Melony, the teacher, goes on to explain: "Before Jesus came, people who disobeyed God got turned to a pillar of salt. So thank God for Jesus because we can say 'Jesus, I'm sorry' and we don't have to fear getting turned into a pillar of salt, which really happened in the Old Testament."

What a horrible creed to teach kids - such a god, if it exists, is not worth of worship.



The uncompromising creationist curriculum taught in Carmel has been imported from the US. It is called Accelerated Christian Education; the motto of the Florida-based company who produce it is: "Reaching the world for Christ, one child at a time."

With 50 small schools in the UK teaching this curriculum, a total of more than 2,000 children are being "reached for Christ". Yet these schools are not operating outside the education system. Carmel is a government-endorsed faith school, complete with an Ofsted report that describes the teaching as "satisfactory".

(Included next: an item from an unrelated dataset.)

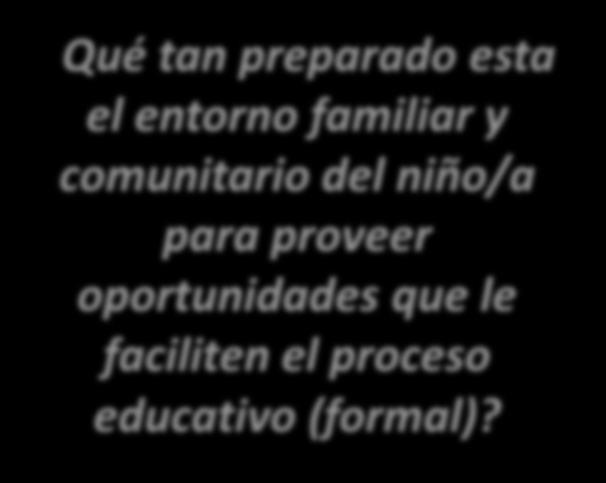 Preguntas orientadoras-generadoras de la iniciativa Qué tan preparado esta el niño/a para la escuela/proceso educativo formal)?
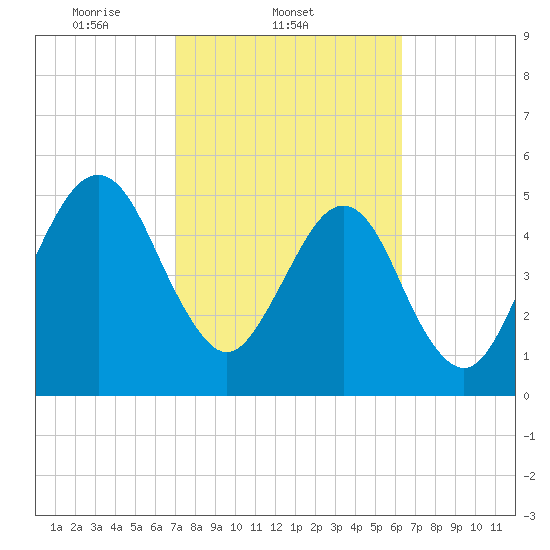 Roses Bluff tide chart for Friday, February 21, 2025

According to the head teacher, David Owens, it's all thanks to a Labour prime minister. "Tony Blair opened the door in the debate on faith schools," he explains. "So it's time for people like us to strike while the iron is hot."


Nice legacy, Tony.:down:
 
financeguy said:


What a horrible creed to teach kids - such a god, if it exists, is not worth of worship.






Nice legacy, Tony.:down:

Is it really so much worse than the Catholic Church's influence in Ireland ?

:down: to the Catholic Church
:down: to the Bush/Blair Fundamentalists
 
Melony, the teacher, goes on to explain: "Before Jesus came, people who disobeyed God got turned to a pillar of salt. So thank God for Jesus because we can say 'Jesus, I'm sorry' and we don't have to fear getting turned into a pillar of salt, which really happened in the Old Testament."

I attended Sunday school and learned all the stories in the Bible, Old Testament.

They were ingrained on my brain.

They also are prevalent in popular culture, movies, and the like.


Lately, I have been thinking there is very little, if anything of value in the "Old Testament".

If you remove the "Holy" concept from those stories, much of the behavior by these "righteous" people > is not very decent at all.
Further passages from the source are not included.